One of the principal reasons that the court abjures a tort claim in this case is that it is unwilling to decide what “mental state” the tort would require. 356 Or at 370. The court ponders whether a tort claim for a violation of ORS 243.303(2) would be a claim for “strict liability” or “negligence” and whether a plaintiff would be required to prove that the defendant acted intentionally or unreasonably. Id. Those are important questions, but it is unclear why the court decides that they weigh against the creation of a tort. Those questions remain; the court cannot avoid them by classifying plaintiffs’ claim as a claim under the Declaratory Judgments Act. A court adjudicating plaintiffs’ claim under the Declaratory Judgments Act will be required to decide whether the city violated ORS 243.303(2) when it declined to make health care coverage available to plaintiffs. If resolution of that question requires an analysis of the city’s mental state, then that analysis is required whether the claim sounds in tort or as a claim for declaratory judgment.

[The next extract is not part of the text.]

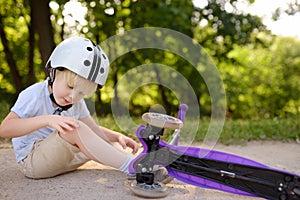 Toddler boy in safety helmet learning to ride scooter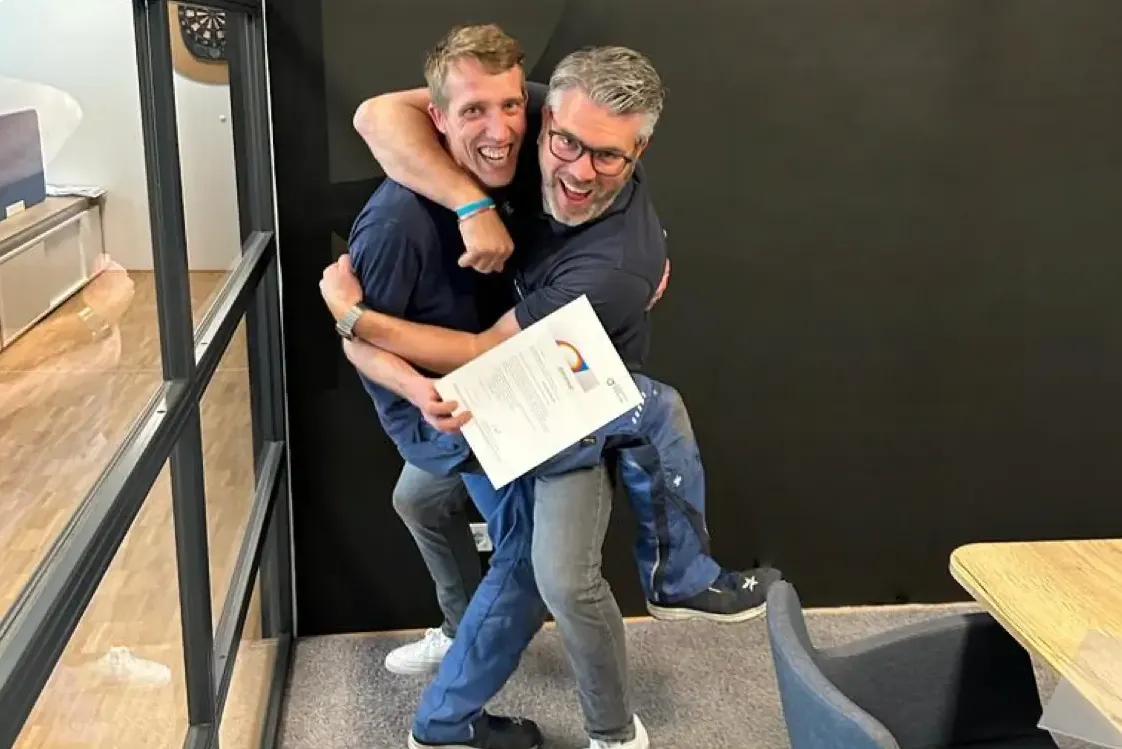 Zwei Männer umarmen sich lachend, einer hält ein Dokument in einem modernen Büro.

Moreover, the questions that the court raises about the elements of a claim for a violation of ORS 243.303(2), *385including the requisite “mental state,” are readily answered by this court’s tort law jurisprudence. In cases in which the court has considered the elements of torts claims for violating statutorily imposed duties, the court has looked for instruction to the statute imposing the duty.

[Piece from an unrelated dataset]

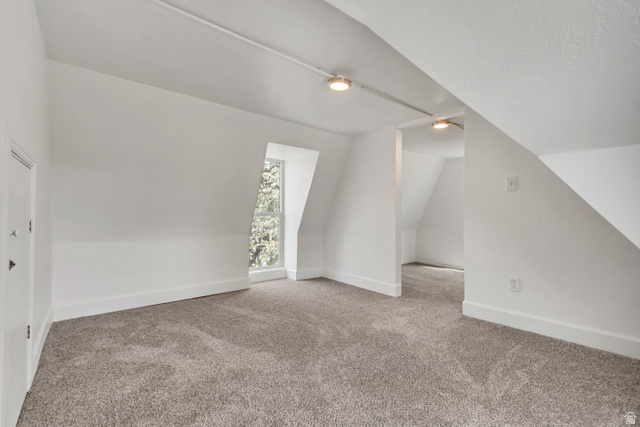8831 South 400 East Sandy, UT 84070 - Photo 24 of 26 Bonus room with carpet floors and vaulted ceiling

For example, in Nearing v. Weaver, 295 Or 702, 670 P2d 137 (1983), the plaintiffs alleged that the husband violated a restraining order, that the wife reported that violation to the defendant, who was a police officer, and that the defendant refused to arrest the husband in breach of a statutory requirement. Id. at 704-06. The court acknowledged that the plaintiffs had not alleged a violation of “an ordinary common law duty of due care to avoid predictable harm to another.” Id. at 707. Rather, the plaintiffs had alleged the violation of “a specific duty imposed by statute for the benefit of individuals previously identified by a judicial order.” Id. The court held that the plaintiffs’ complaint was sufficient to plead “an infringement by [the] defendants of a legal right arising independently of the ordinary tort elements of a negligence action.” Id. The court went on to explain that, although the plaintiffs had described their claim to the trial court as a claim for the negligent performance of duty, they had not used that label in their complaint, nor were they required to do so: The duty, the court explained, “arises from the statute coupled with the court order.” Id. at 708. The plaintiffs’ reference to negligence was “immaterial” to the defendants’ liability, “because the result would not be different if defendants had acted, or failed to act, willfully or intentionally or with some other state of mind.” Id. In an actionable claim for breach of a statutory duty, the plaintiff need prove only the statutory duty and its violation; the plaintiff need not prove that the defendant failed to take reasonable care or that the harm that occurred was foreseeable. Id. at 708-09.1

The court adhered to that reasoning in Chartrand v. Coos Bay Tavern, 298 Or 689, 696 P2d 513 (1985), when it *386recognized that the plaintiff could proceed on both a common-law negligence theory and on a theory that the defendant had violated a statute prohibiting service of alcoholic beverages to a visibly intoxicated patron. The court explained:

“Thus, a plaintiff protected by such a statute need not resort to any concepts of negligence. Negligence is irrelevant. The sole question is whether the defendant engaged in acts prohibited by the statute and whether the violation of the statute resulted in injury.”

Id. at 696; see also Davis v. Campbell, 327 Or 584, 592, 965 P2d 1017 (1998) (holding that the common-law standard for negligence “says nothing about whether the legislature intended that legal standard to apply to a statutory claim under the RLTA”) (citation omitted); Gattman v. Favro, 306 Or 11, 15, 757 P2d 402 (1988) (“[I]f a statutory tort is created, foreseeability may be immaterial or has been determined by the legislature.”).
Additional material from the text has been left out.